例年、1-3月期は北半球の暖房需要が減少に向かう一方で、ガソリン消費が増える時期ではないことから、石油在庫が積み上がりやすい。この在庫動向は原油安となって反映されやすく、最近の原油高には調整の可能性がつきまとっているといえる。米石油在庫は世界の在庫動向の先行指標であり、米石油協会(API)や米エネルギー情報局(EIA)が発表する週報に身構えている強気筋は多いのではないか。米国の石油在庫はOECD加盟国全体の4割超を占めており、世界の在庫動向を左右する。

●史上最大IPOの成功が至上命題のサウジ

米国の石油在庫を視野の中心に置きつつ、産油国の動きにも目を向けると、今月21日にOPEC加盟国と非加盟国による共同閣僚監視委員会(JMMC)がオマーンで行われた。サウジアラビア主導で、2018年末まで協調減産を行うことを再確認し、昨年から根強くつきまとっている減産期間の短縮観測を牽制したほか、サウジのファリハ・エネルギー相は2019年以降も協調行動を継続することを示唆した。産油国の盟主であるサウジが公の場で協調行動の継続に言及したことは注目を引いたが、具体的な内容は今のところ全く示されていない。

行き過ぎた原油高を懸念して、協調減産期間を長期化すべきではないとの指摘は以前から存在する。
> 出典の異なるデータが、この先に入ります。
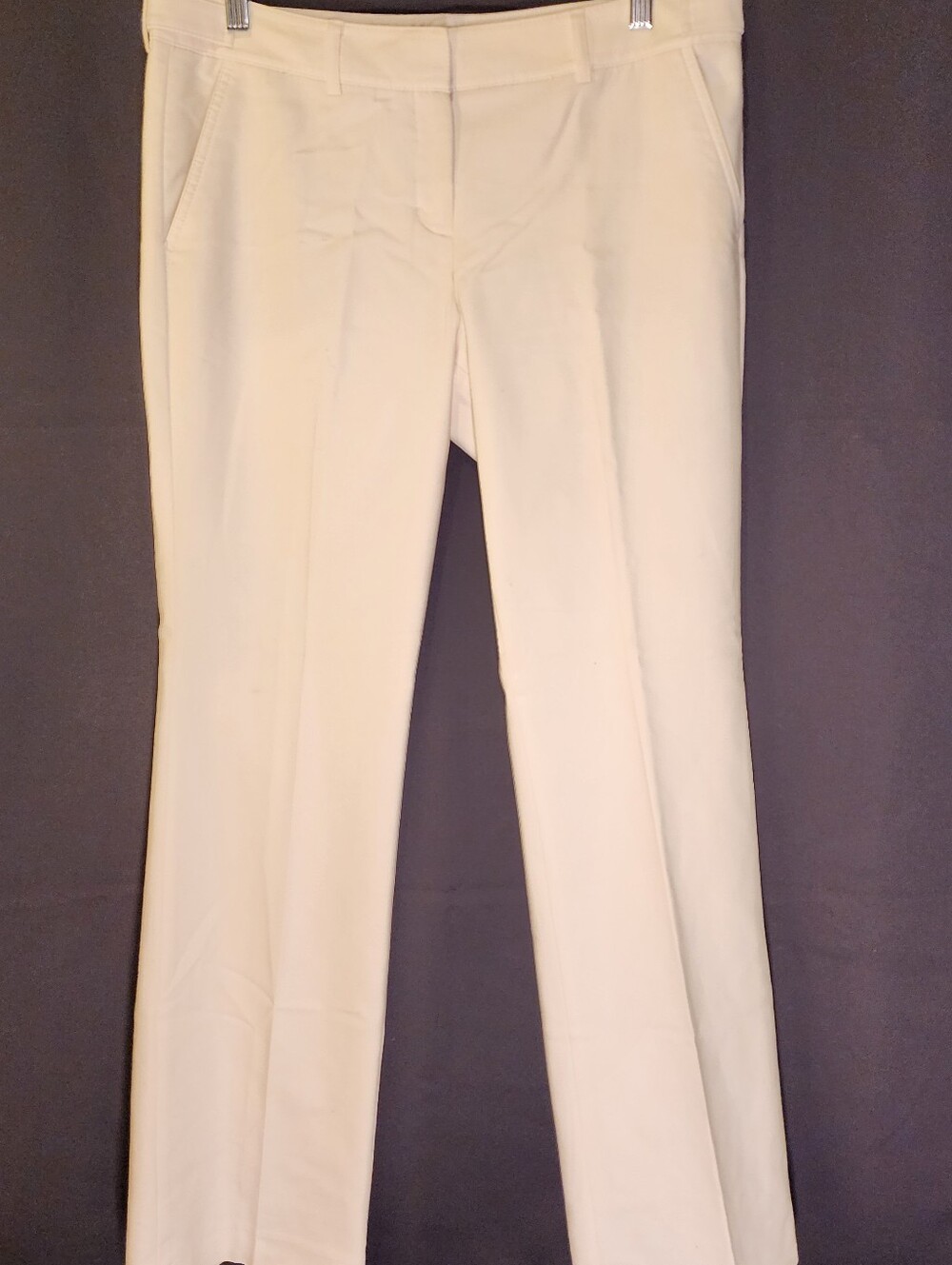 Express Columnist White Dress Pants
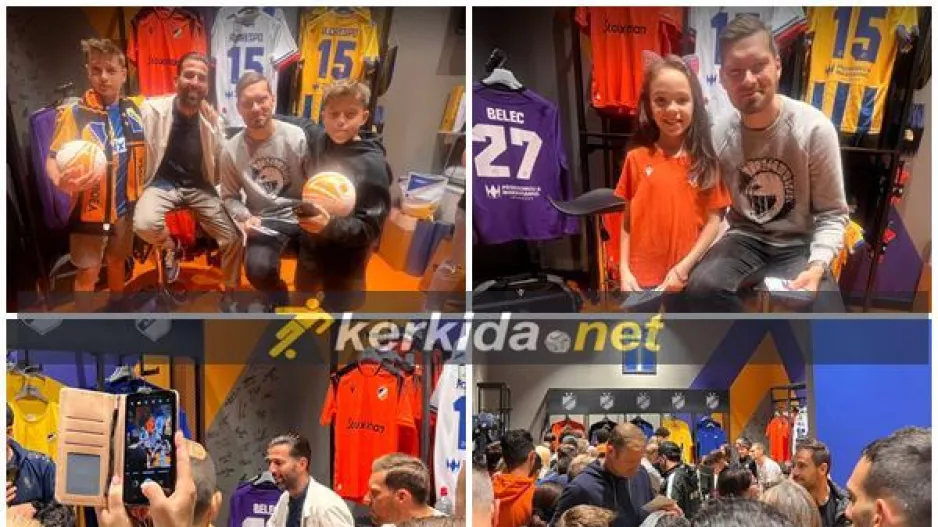ΑΠΟΕΛ/ Το event στο Orange Shop με Κρέσπο - Μπέλετς (Φώτος)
イランは行き過ぎた原油高が米国のシェールオイル増産を刺激するとしている。ロシアも積極的には減産期間の長期化を支持していないと思われる。ただ、サウジアラビアはこの論調を制した。昨年末の合意に沿って、2018年末まで協調減産を続けるべきであると念を押し、シェールオイルの増産を懸念するよりも原油高を追求すべきであると表明したように見える。右肩上がりの株式市場に、右肩上がりの原油市場を添えて、国営石油会社サウジアラムコの新規株式公開で満足できる結果を得ることがサウジの目標である。協調減産が実を結び、原油高が実現していることから、さらなる原油高を目指すサウジに逆らう産油国はごく一部であるといえる。

1-3月期は季節的な需給や在庫の変動によって原油相場が上下する場面がありそうだが、「在庫減=原油高」の単純な構図が崩れる兆候は見当たらない。2018年は主要国の石油需要がさらに拡大する一方、昨年に続いて産油国が供給を制限する一年であり、上昇トレンドは安定するのではないか。シェールオイルの増産や、産油国の意見の隔たりを頭の片隅に置きつつ、シンプルな構図が続くのか見届けたい。